Saving money is hard and slow so you need to not waste a cent. The Victorian Government is however, speeding the process up with a stamp duty concession. You can save 50% in stamp duty – worth up to $27,500 (on a $1 million property) – for new builds and 25% – worth up to $13,750 – when purchasing existing residential properties.
If you are buying in the next six months there are three things that will make those savings stretch even further.
- Research the area
Buying property is clearly a huge investment and you need to consider what affects value. Things like:
- School zoning;
- Future building plans – Visit the local council website;
- Access to amenities and
- What elements make the area desirable -cafes, village vibe, leisure etc.
- Budget for the expenses of buying a home
- Council rates – if the current owner has paid partial council rates for the year you need to pay the outstanding amount;
- Stamp Duty –a stamp duty calculator will determine the fee less 25% till July 1st 2021;
- Lenders Mortgage Insurance – if you’re borrowing more than 80% of the value of the property, you must insure the lender. This is called Lenders Mortgage Insurance (LMI);
- Additional Insurance –many banks will ask you to insure the home before settlement;
- Loan Fees –take into consideration the fees associated with a loan. Add up all fees and determine if the rate is lower because of the hidden fees;
- Conveyancing – They review the purchase contract and complete searches on the property. Ask for a list of standard fees and what additional costs might be;
- Building and pest inspections –consider budgeting for between $500 to $1000, but this can quickly add up the more houses you seriously inspect.

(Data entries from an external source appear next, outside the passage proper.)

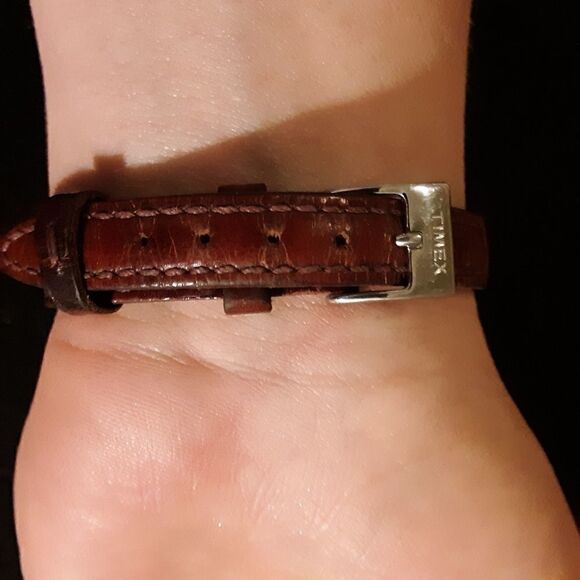 Timex with a burgundy leather band - Picture 5 of 7
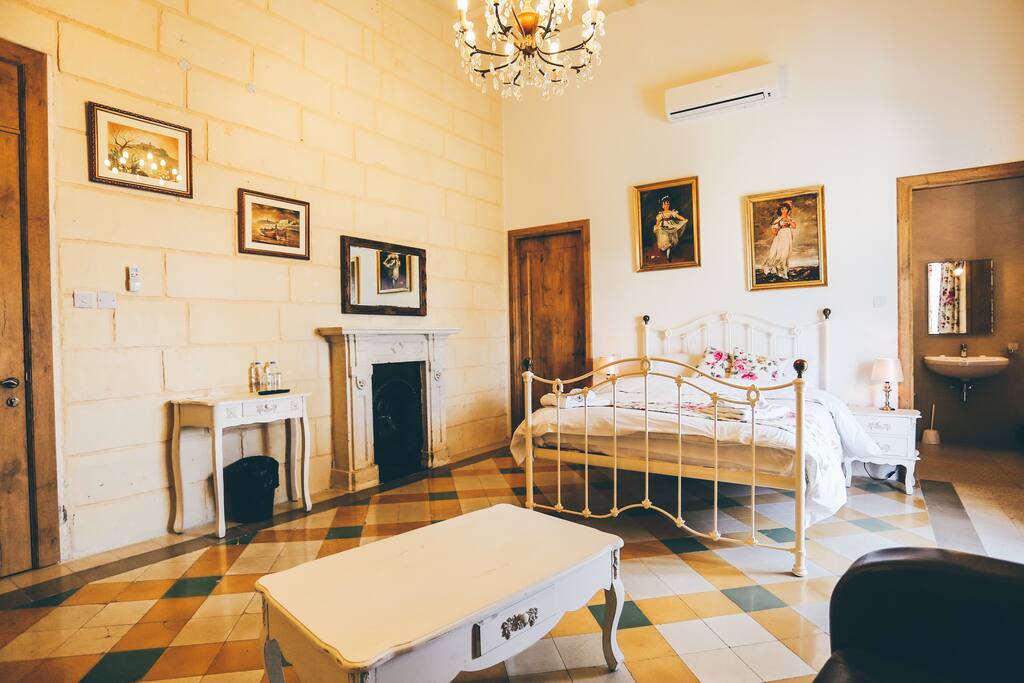 Room 12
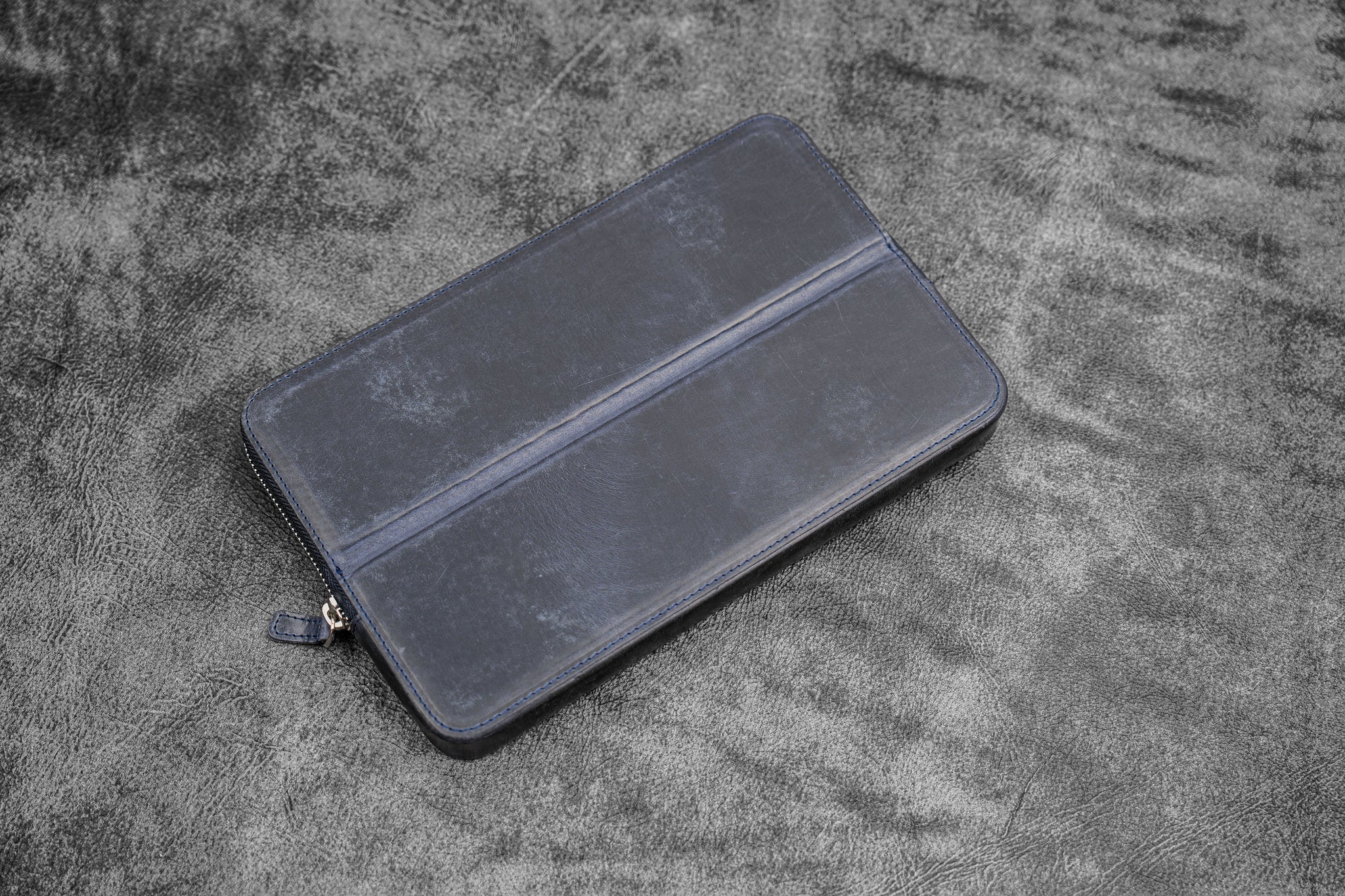 Leather Magnum Opus 12 Slots Hard Pen Case with Removable Pen Tray - Crazy Horse Navy Blue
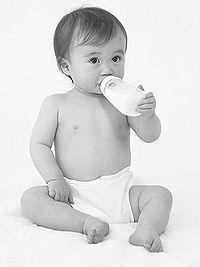 怎樣為新生兒選擇奶瓶和奶嘴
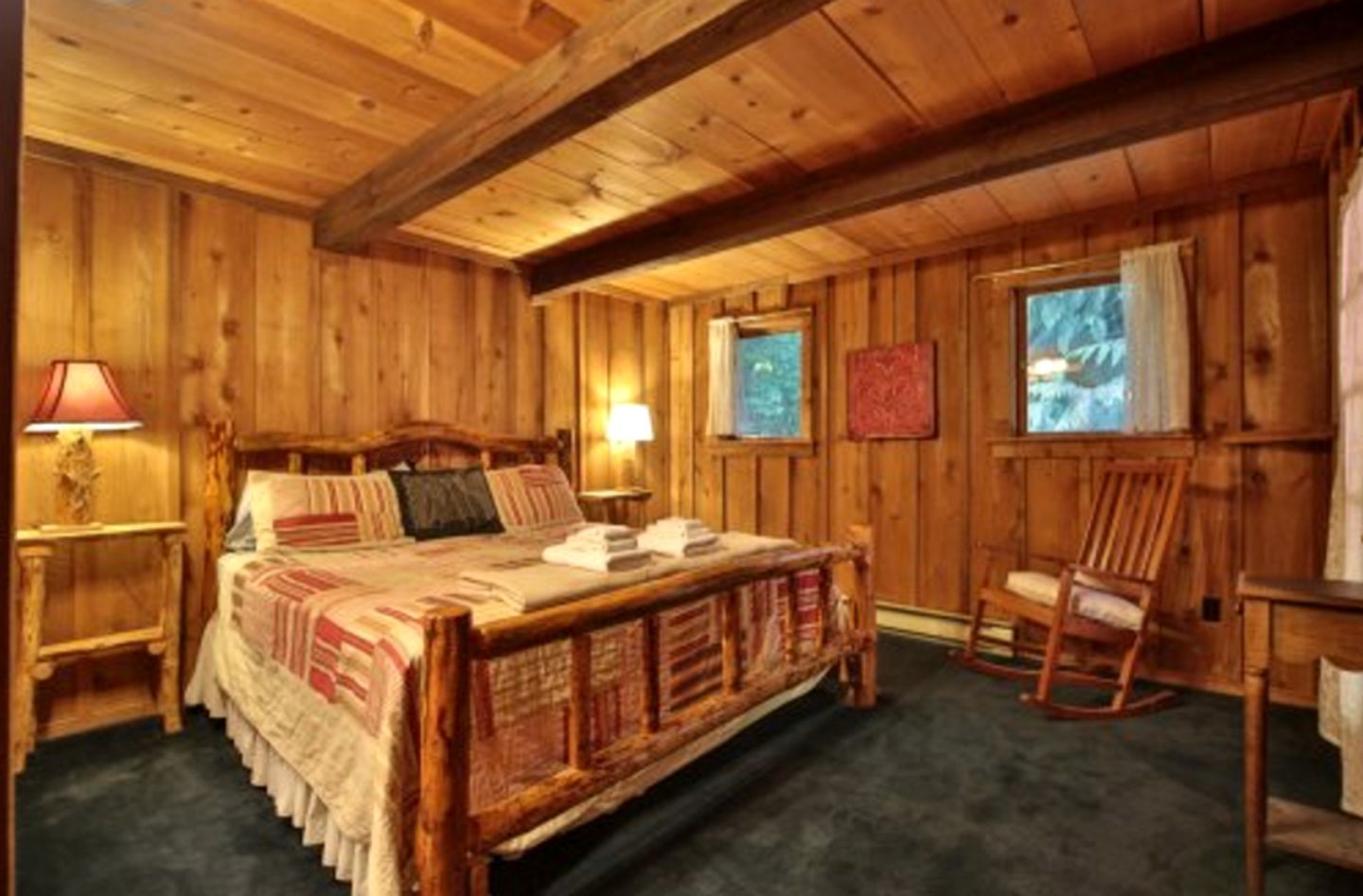 Spacious Luxury Cabin Rental for Group Mountain Retreat near Leavenworth
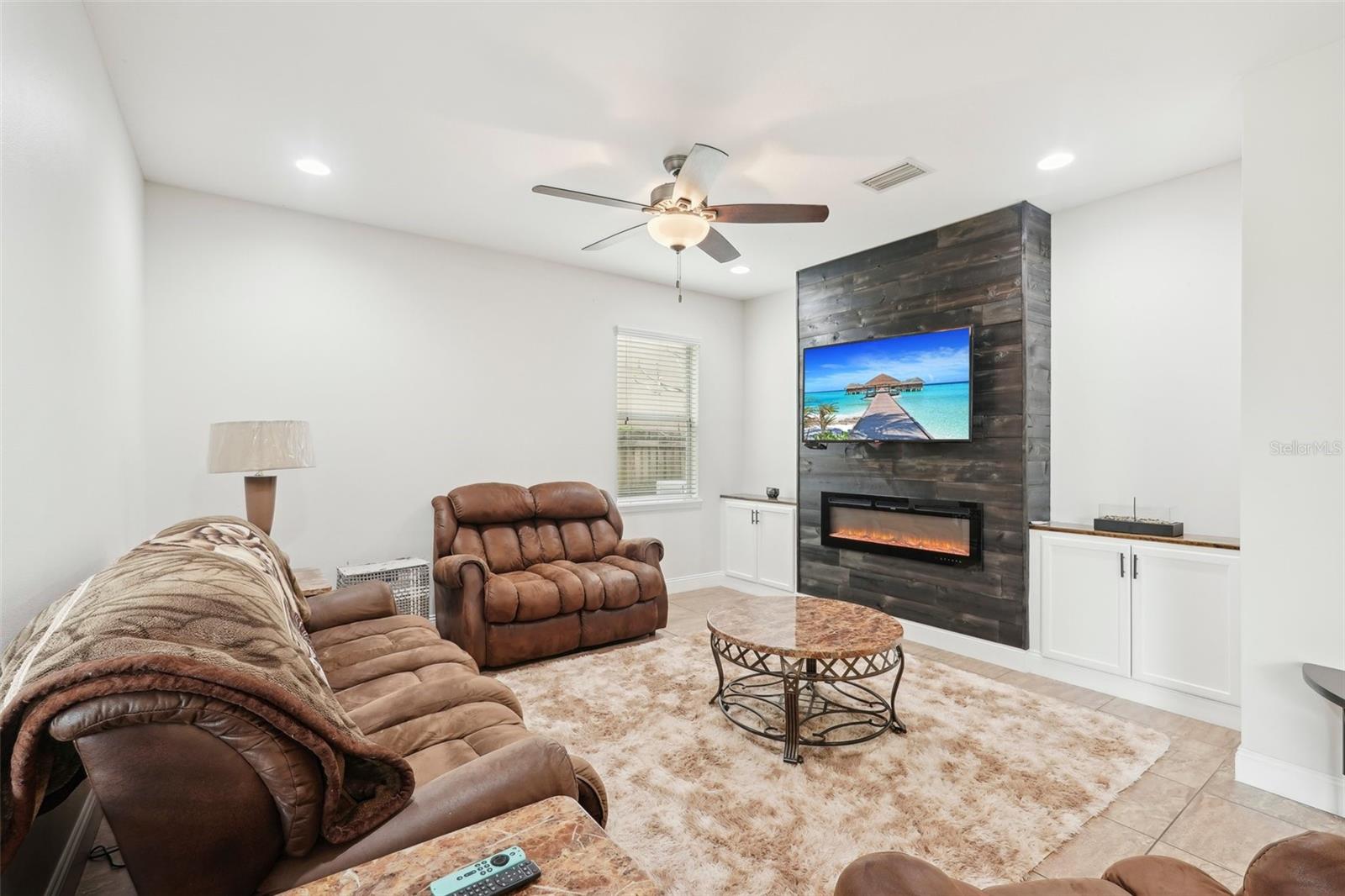 12402 FAIRLAWN DRIVE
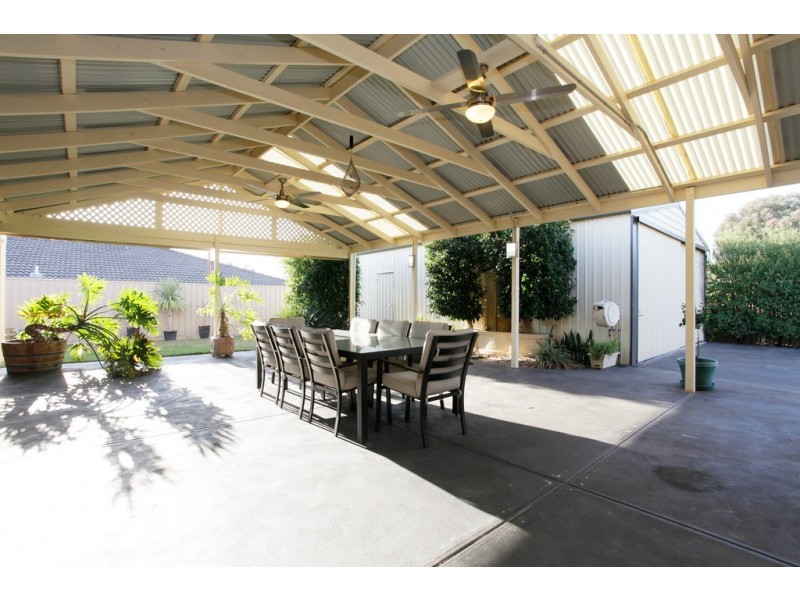 34 Gleeson Grove, Evanston Park SA 5116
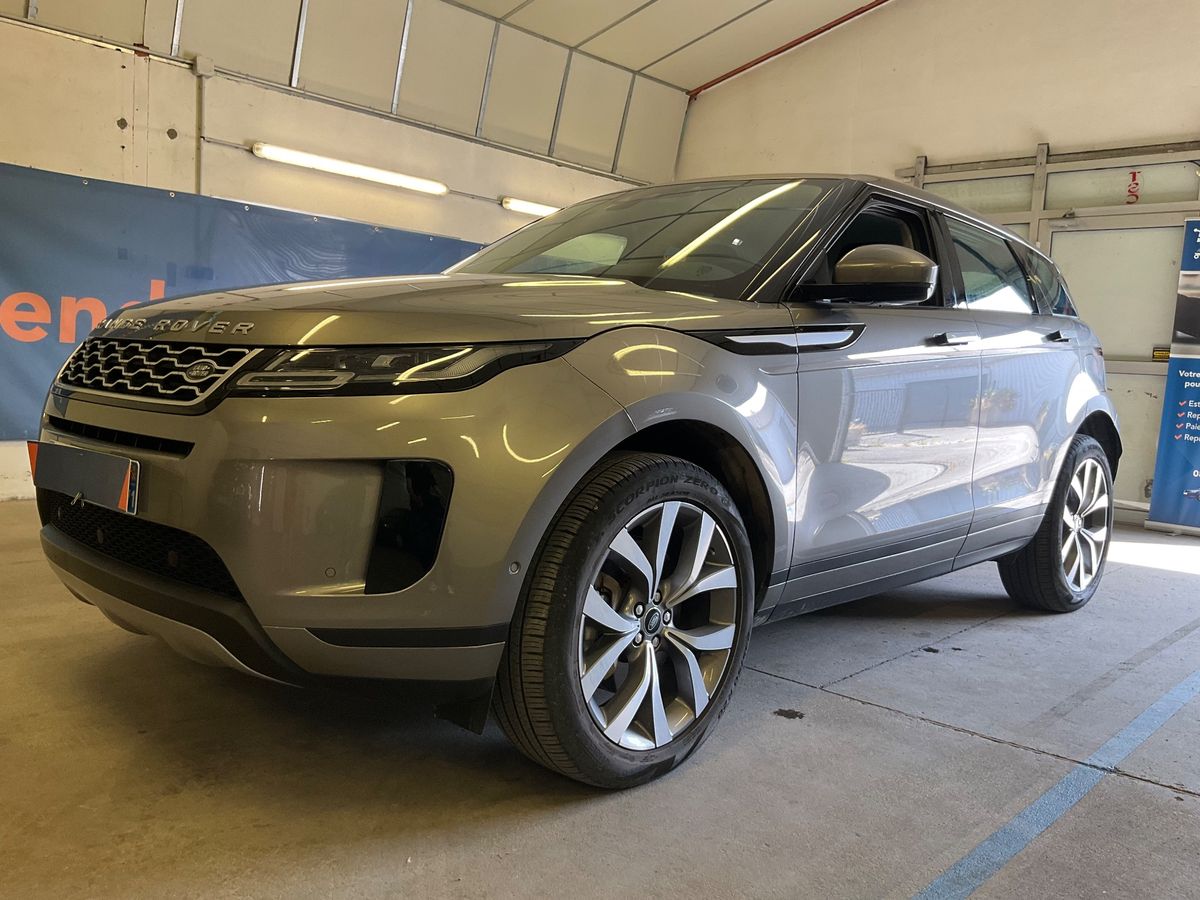 Land Rover Evoque P300e Hybrid SE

To successfully negotiate you must have something someone wants in the first place. You have the money and they have the house. If the house is in high demand you have less to negotiate with conversely if the market or house has issues you are in the driver’s seat. So, your success comes down to you offering what others won’t or can’t:
- Supply and demand – which end are you on? If you are in a seller’s market then the owner may need something you have.
- Settlement terms – for example, if you’ve already sold your house you can settle quicker or you may be able to accommodate the vendor’s specific needs. You could leaseback as an incentive to a seller who isn’t ready to leave the house due to waiting on the purchase of their next home.
- Negotiating repairs or
- Buying some of the furniture in their house, particularly if its custom made for the space.
The Victorian Government incentives have created urgency for some and being prepared is how to fully maximise the subsidy. Enjoy your search.